### [EXERCISE GOAL]
Pictures do not belong in the output. Reproduce exactly the lines from the start of the records through the line with "Just like I".

··· PROVIDED MATERIAL ···

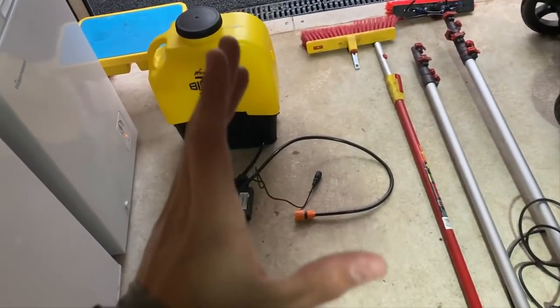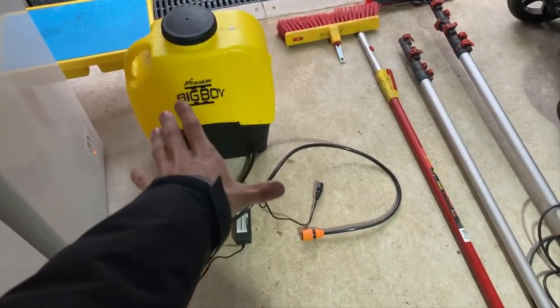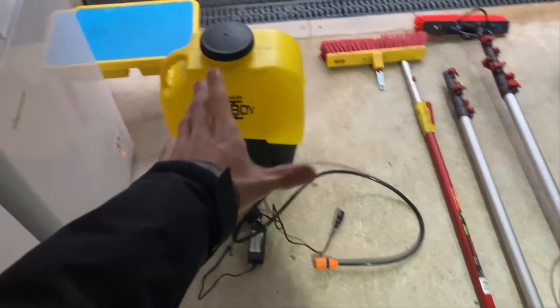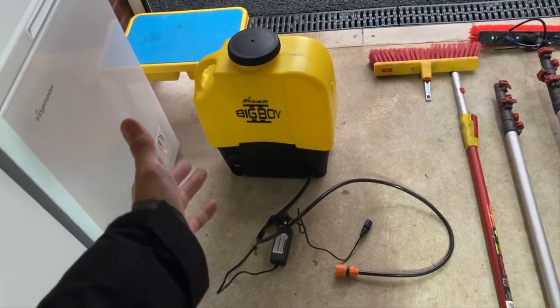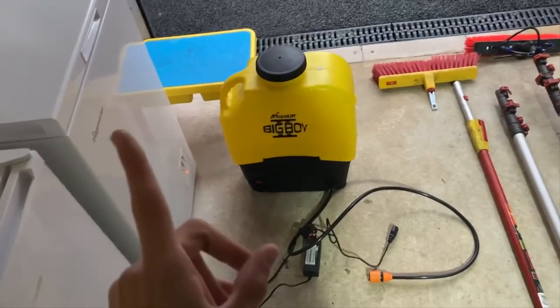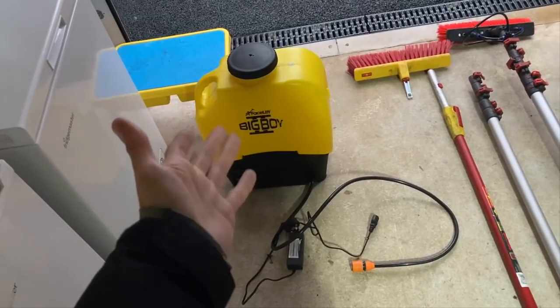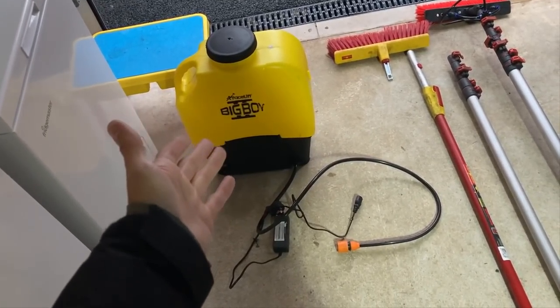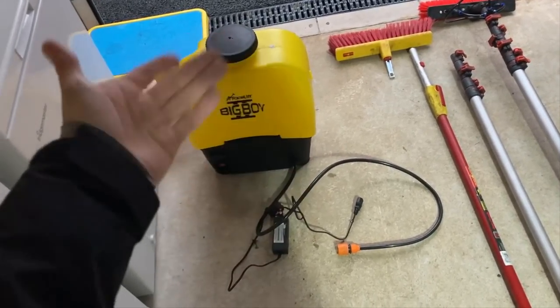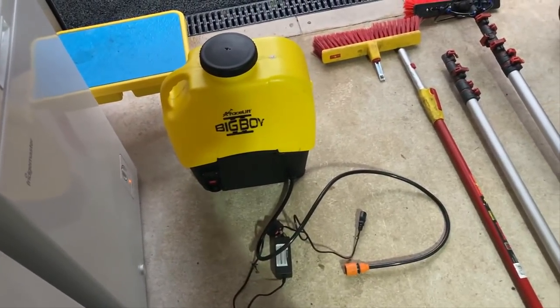Onto the pole and soft washing section. This is the most basic setup you can get — a 120-quid backpack — but it works for me at the moment. I don't have space for a big van-mounted system yet, but I'm planning an upgrade next month. It's a Facelift Big Boy 22-litre backpack: fill it with 1 litre of biocide and 20 litres of water, and off you go. I run it on max power.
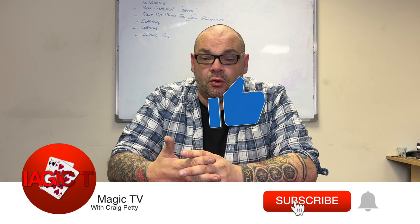Hey guys, welcome back to Magic TV. My name is Craig, it's nine o'clock, time for another video. Today I'm going to be doing a kind of tutorial. I do these from time to time on the channel if I see a marketed trick that I really like but I have a wrinkle on it or an idea that makes it a little bit different.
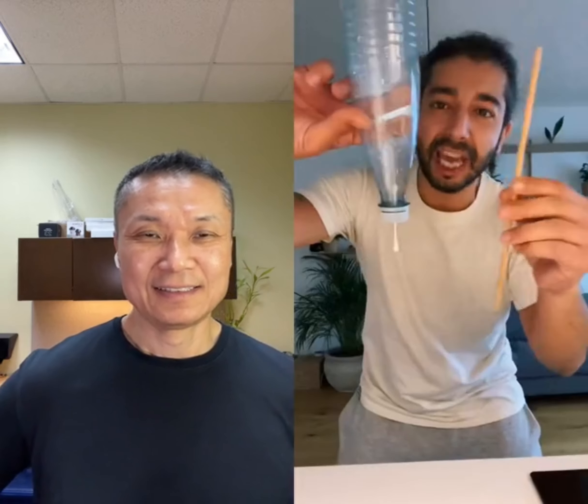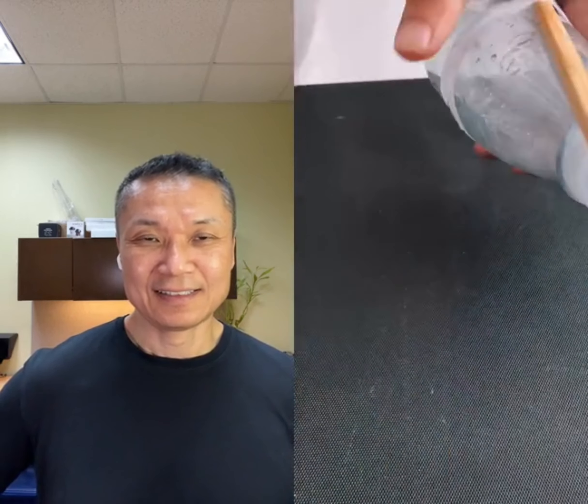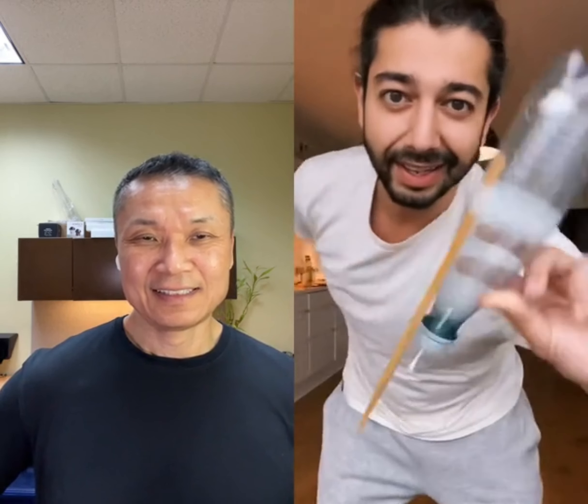Then grab a chopstick or any kind of stick and tape it to the bottle. This is what you want it to look like. Then fill the bottle with some water and close it.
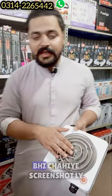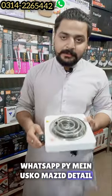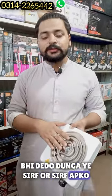This is our chula. I will give you a lot of details on the screen and on the website. It will be $250.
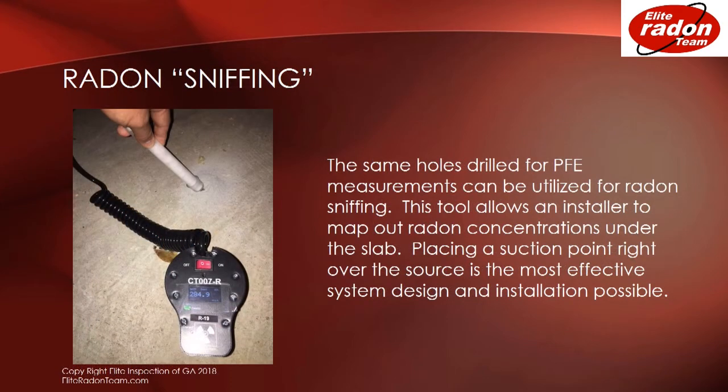The same holes drilled for PFE measurements can be utilized for radon sniffing. This tool allows an installer to map out radon concentrations under the slab. Placing a suction point right under the source is the most effective system design and installation possible.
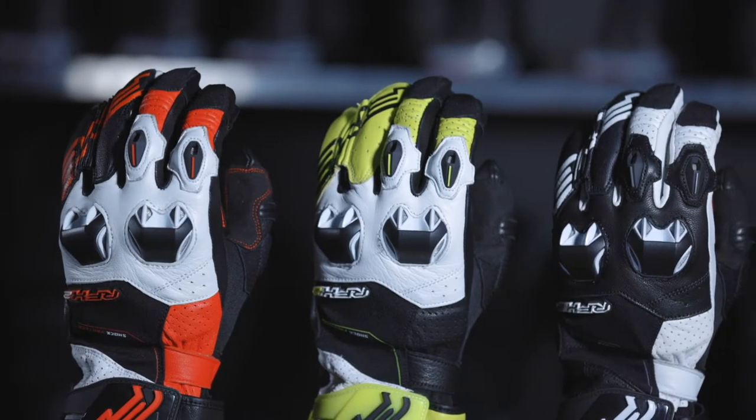It also features an internal Kevlar lining, giving it all the features of a high-end glove. It offers an impressive level of performance focused on an excellent comfort-to-protection ratio — the best value for money in this category.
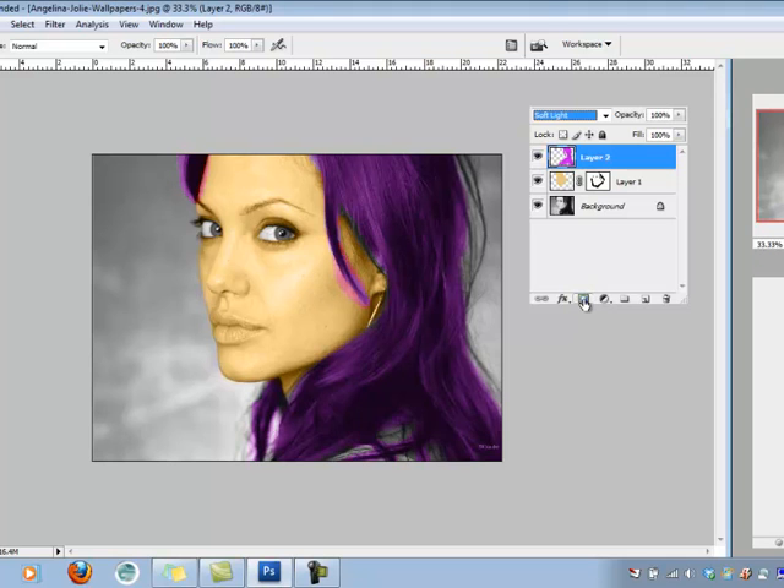Just like I did on the face, I'm going to click the Add Layer Mask button. Making sure my foreground color is black, it acts like an eraser. I can come in around the edges of the hair where I don't want the purple to show, which gives me the opportunity to clean it up and make it look very realistic. This will take a little bit of time — if you want hair to look really good and natural, you would take your time.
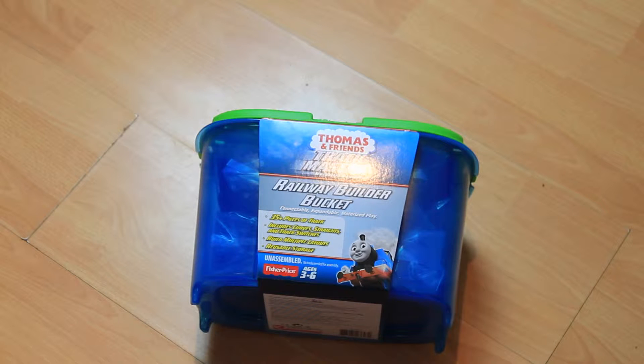Hi, welcome to iPlay4U. Today I will be unboxing this Thomas and Friends Railway Builder Bucket. It has over 35 pieces, so there are a lot of tracks I can make. Plus you can use the box as a ramp because the lid is a six-way engine crossing.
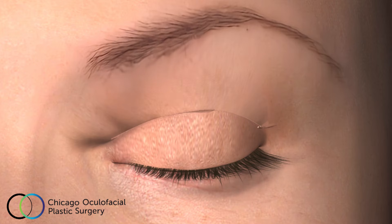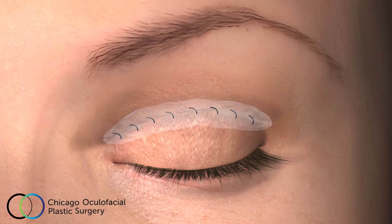Then the eyelid skin is meticulously closed with a running, absorbable suture, leaving a barely perceptible incision line. Finally, antibiotic ointment is placed on the incision sites.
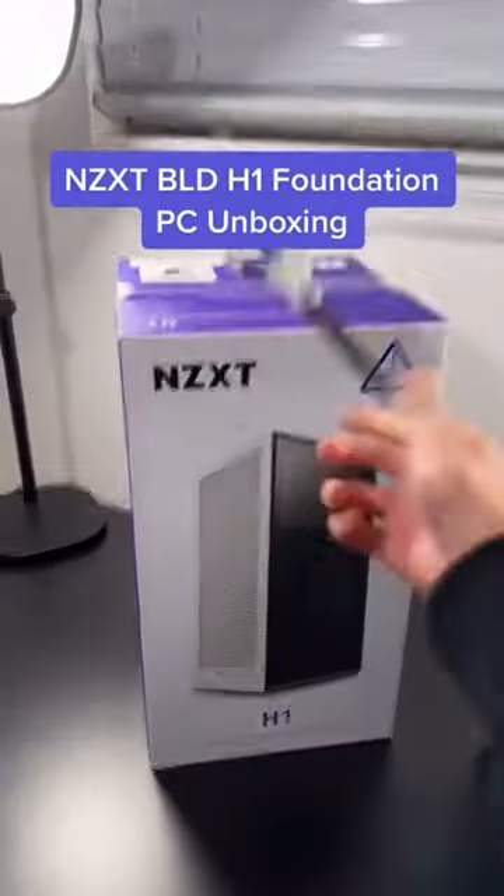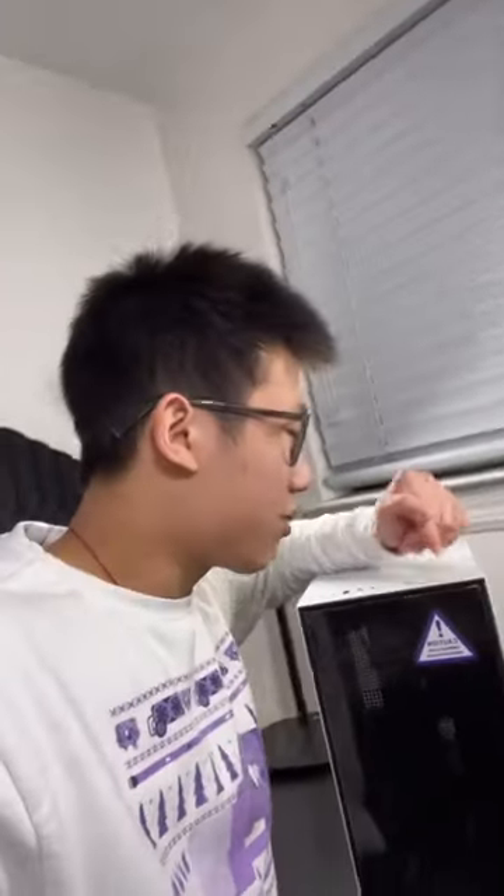Now that I unboxed this PC, let's move on to this one. I'm actually really curious to see how this thing performs, so let's go.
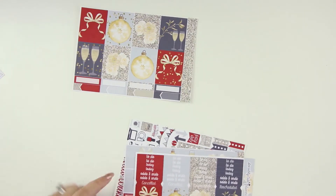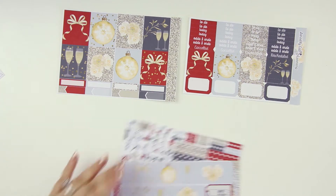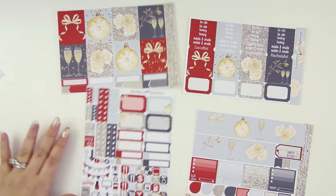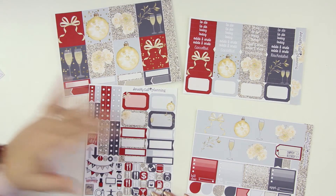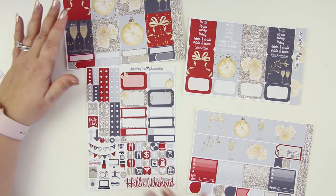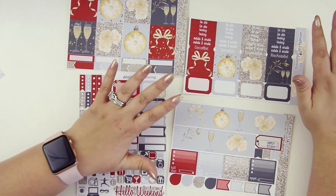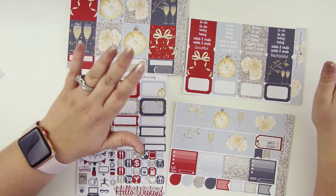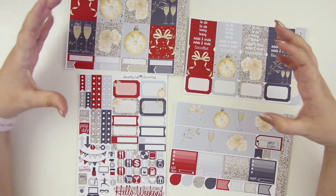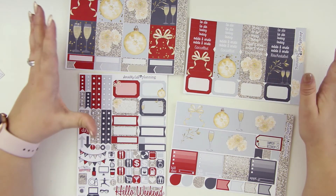We've got full height boxes, and then we've got some washi, some headers, things like that. And we've got the bottom washi as well. Then we've got checklists, more half boxes, quarter boxes, all kinds of different sizes, which is great. Kind of like do-it-all dots down here — that's what the Aaron Connor ones are called. It might be called a New Year's Eve kit, but what I like is that there's no actual reference to New Year's Eve. She didn't use the clocks or anything like that, so this can be any generic party kind of kit, which I really like.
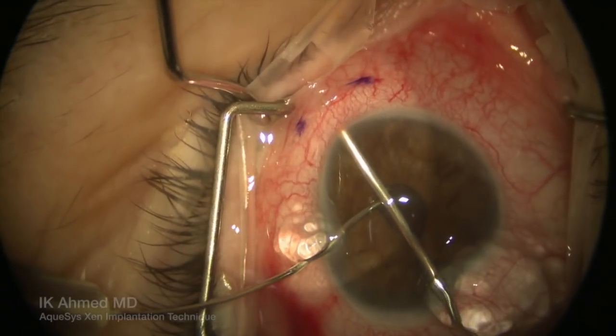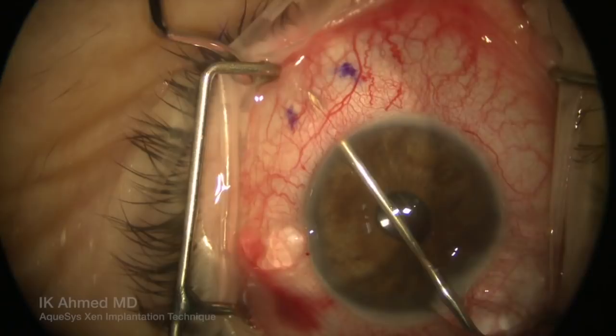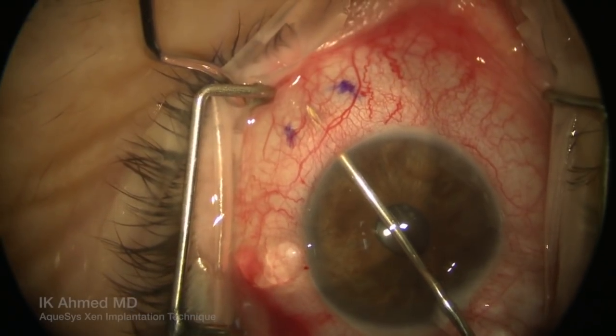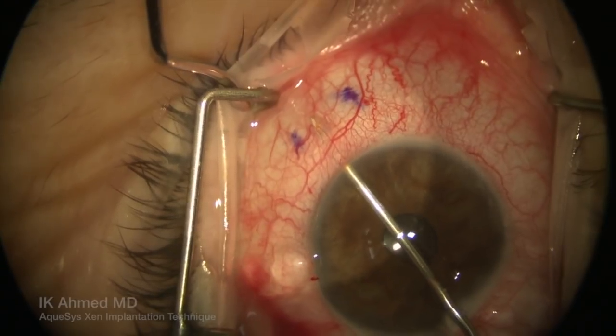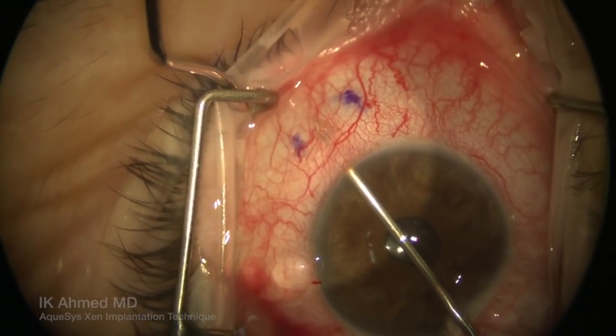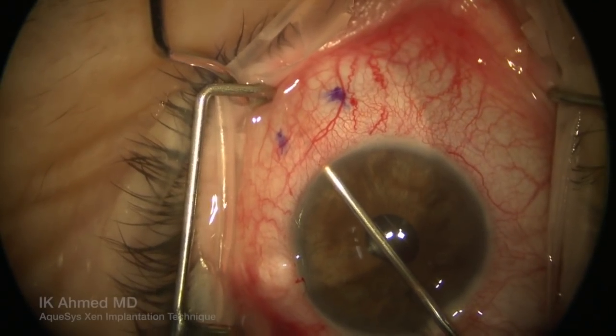Having the initial corneal incision and the angle of approach has helped us to ensure this position. Once the needle is entered into the subconjunctival space, the device is then implanted. First, the device comes forward and the needle retracts back into the hub of the cannula.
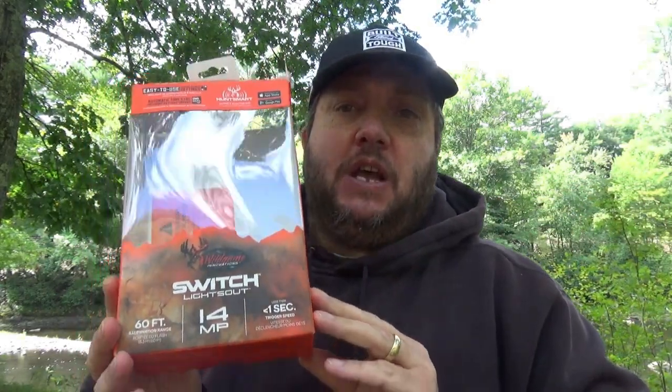Hello, my friends. Today we are doing an unboxing of what I just picked up, and it is the new Wild Game Innovations Switch trail camera.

···

### [YOUR SOLUTION]
Onto the pole and soft washing section. This is the most basic setup you can get — a 120-quid backpack — but it works for me at the moment. I don't have space for a big van-mounted system yet, but I'm planning an upgrade next month. It's a Facelift Big Boy 22-litre backpack: fill it with 1 litre of biocide and 20 litres of water, and off you go. I run it on max power.
Hey guys, welcome back to Magic TV. My name is Craig, it's nine o'clock, time for another video. Today I'm going to be doing a kind of tutorial. I do these from time to time on the channel if I see a marketed trick that I really like but I have a wrinkle on it or an idea that makes it a little bit different.
Then grab a chopstick or any kind of stick and tape it to the bottle. This is what you want it to look like. Then fill the bottle with some water and close it.
This is our chula. I will give you a lot of details on the screen and on the website. It will be $250.
The same holes drilled for PFE measurements can be utilized for radon sniffing. This tool allows an installer to map out radon concentrations under the slab. Placing a suction point right under the source is the most effective system design and installation possible.
It also features an internal Kevlar lining, giving it all the features of a high-end glove. It offers an impressive level of performance focused on an excellent comfort-to-protection ratio — the best value for money in this category.
Just like I did on the face, I'm going to click the Add Layer Mask button. Making sure my foreground color is black, it acts like an eraser. I can come in around the edges of the hair where I don't want the purple to show, which gives me the opportunity to clean it up and make it look very realistic. This will take a little bit of time — if you want hair to look really good and natural, you would take your time.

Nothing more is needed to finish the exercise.